Annual union re-certification process begins

Ben Ratliffe reminds employees to votes for union membership. If an employee does not vote by April 21, it will be counted as a “no.”

Rachel Virnig

Ben Ratliffe reminds employees to votes for union membership. If an employee does not vote by April 21, it will be counted as a “no.”

Marisa Comeau-Kerege, News Editor

This year marks the beginning of annual union re-certification elections at Madison College.  Since the Act 10 bill went through in 2011, many appeals and adjustments have been made resulting in the current standing law that all unions must vote every year to keep their certification.

The vote must gain 51-percent of not only the current union members but all potential union members.  If a potential member does not vote, the state will automatically cast a ‘no’ vote for them.

Theresa Valencia, a manufacturing instructor here at Madison College as well as the Remember and Recertification Chairperson on the executive board for the Local 243 union explained how weird and unfair this voting system is.

“It’s basically set up to be very difficult.  So, the process is unfair,” said Valencia.  “I just think that if any of our, you know, anyone who’s being elected to a political office is, if two million of the six million people of the state vote and then the other four you get set up as a no vote to you, that would be a strange election.”

Once voting opened, all the membership went to zero, so along with getting people to vote, they need to get members to remember to local 243.

On top of membership, it is now illegal for employees to have their monthly dues automatically taken from their paycheck so they will now have to write a check or make a deposit every month.

But not everything going on is being seen as bad.  Valencia explained that through their outreach efforts and many awareness projects, like phone banking, have brought many of the officers and active members together as well as enlightening many potential members to the benefits of the union.

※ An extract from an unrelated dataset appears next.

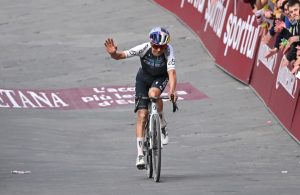 Tom Pidcock Strade Bianche 2025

“Because we needed to let people know how the recertification was going to work, to explain to them whether they were a member or not a member, because we need everyone to vote, so by making that effort to talk to people about the recertification it gave us an opportunity to talk to them about remembering also,” said Valencia.

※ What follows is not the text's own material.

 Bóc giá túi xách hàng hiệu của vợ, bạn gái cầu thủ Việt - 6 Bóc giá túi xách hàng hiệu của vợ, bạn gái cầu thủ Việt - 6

Voting runs from April 1 through the 21.  Although the official numbers will not be released until after the election, the members of the union here will continue to fight for their union certification.

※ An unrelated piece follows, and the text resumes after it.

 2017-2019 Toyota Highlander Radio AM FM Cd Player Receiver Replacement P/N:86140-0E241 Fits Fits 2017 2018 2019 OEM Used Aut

“Act 10 was set up to drain the money from the unions, so if we are not collecting dues, we need to increase our membership so that we’re not constantly having less money than we’re taking in.  But that’s what it was set up to do, but I’m not a quitter and neither are a lot of people I work with,” said Valencia.

“We just keep fighting and fighting and fighting and trying to help people understand how important the union is.  We’ve gotten to where we are now, whether it’s our wages and benefits and times are so tight right now financially for the college, so it’s give and take on everyone’s part.  We just don’t want it all taken from us and the union really helps.”